- Born: September 20, 1939 (age 86) Sarajevo, Kingdom of Yugoslavia
- Occupations: Writer, historian
- Years active: 1999-present

= Esther Gitman =

American historian of the Holocaust in Yugoslavia

Esther Gitman (Hebrew: אסתר גיטמן, born September 20, 1939) is an American historian and scholar on the Holocaust specifically in the Nazi German puppet state known as the Independent State of Croatia (Croatian: Nezavisna Država Hrvatska, NDH) during World War II. Gitman is a recipient of the Order of Duke Branimir (2019)

==Early life==
Esther Gitman was born on 20 September 1939 in Sarajevo to a Jewish mother and father who were from Croatia. Her father died when she was only four yours old. Yugoslavia was invaded from all sides by the Axis powers, led by Nazi Germany and Fascist Italy on 6 April 1941. The Royal Yugoslav Army surrendered on 17 April, and the Nazis created a puppet state, the Independent State of Croatia (Croatian: Nezavisna Država Hrvatska or NDH) under dictator Ante Pavelić. The NDH incorporated almost all of modern-day Croatia, all of modern-day Bosnia and Herzegovina and parts of modern-day Serbia, but the Istrian Peninsula and Dalmatia were annexed by the Italians in May 1941, as part of the Treaties of Rome. NDH authorities, led by the ultranationalist Ustaše militas committed violent atrocities against the Serb, Jewish and Roma populations living within the borders of the new country. The NDH was the only regime in Nazi-occupied Europe that ran its own concentration camps.

The four year old Gitman and her mother escaped Sarajevo in October 1941 to the Italian zone of occupation on the Adriatic, where Jews seeking refuge from the Nazis and the Ustaše were interned by the Italians but were provided sanctuary and treated better. After Italy capitulated in September 1943 and the Nazis occupied the region, the Yugoslav partisans helped them escape to Santa Maria al Bagno in southern Italy via boat, both were able to survive the Holocaust thanks to the help of Righteous Gentiles. After the war ended in 1945, Yugoslavia was reestablished as a socialist state under the partisan leader Tito and the two moved back to Sarajevo. In 1948 the Gitmans made aliyah to Israel where Esther lived for 19 years and served in the Israeli army. She married her husband Israel and had a daughter, Michal. Following the Six-Day War, the family moved to Montreal where Israel earned his PhD, before eventually settling in New York, where they have lived since 1972. Michal is married to Dan Drillich and has 6 children. Gitman is fluent in Croatian, Ladino, Italian, Hebrew and English.

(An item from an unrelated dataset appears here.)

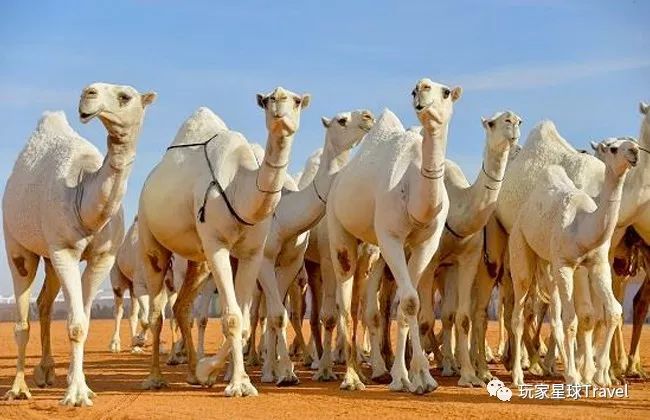 土豪城市，你只知道迪拜超级low了！阿布扎比了解一下
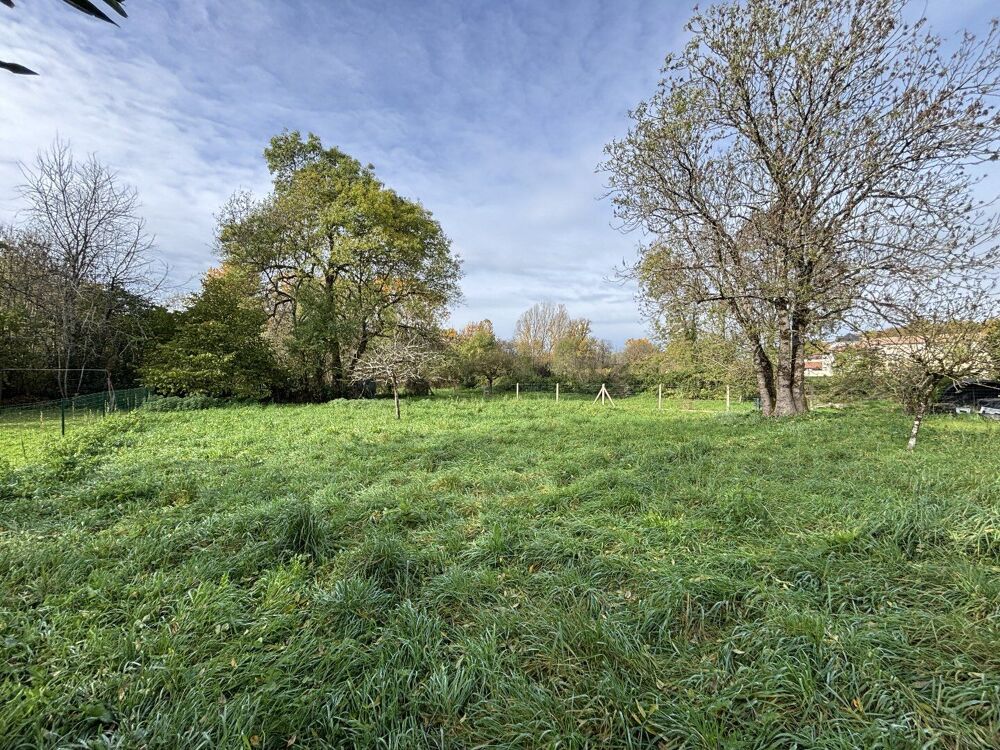 Vente Maison Une maison de caractère avec potentiel d'agrandissement, jardin attenant et garages. Vouharte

The Jewish populations of Croatia and Bosnia were all but nearly annihilated during the Holocaust. Out of the 39,000 Jews living within the borders of the NDH in April 1941, more than 30,000 were murdered in Nazi concentration camps such as Jasenovac and Auschwitz. Only 9,000 (50%) survived either by escaping to the Italian occupation zones, Partisan held territory or joining the Yugoslav Partisans. The NDH is considered by historians to be one of the only nations in occupied Europe where the Nazis and their allies succeeded in “solving” the Jewish question. Siegfried Kasche, the German attaché in Zagreb reported to Berlin on 18 April 1944 saying “Croatia is one of the countries in which the Jewish problem has been solved."

==Scholarship career==
She earned a bachelor's degree in history and sociology from Carleton University in Ottawa, Ontario, Canada, and a graduate degree in criminal justice from Long Island University. She earned a PhD from City University in New York in Jewish history. She began her research into the Croatian-Jewish history in 1999 with her dissertation, entitled Rescue of Jews in the Independent State of Croatia, 1941–1945. In 2002, she received a Fulbright scholarship to travel to Croatia to continue her research.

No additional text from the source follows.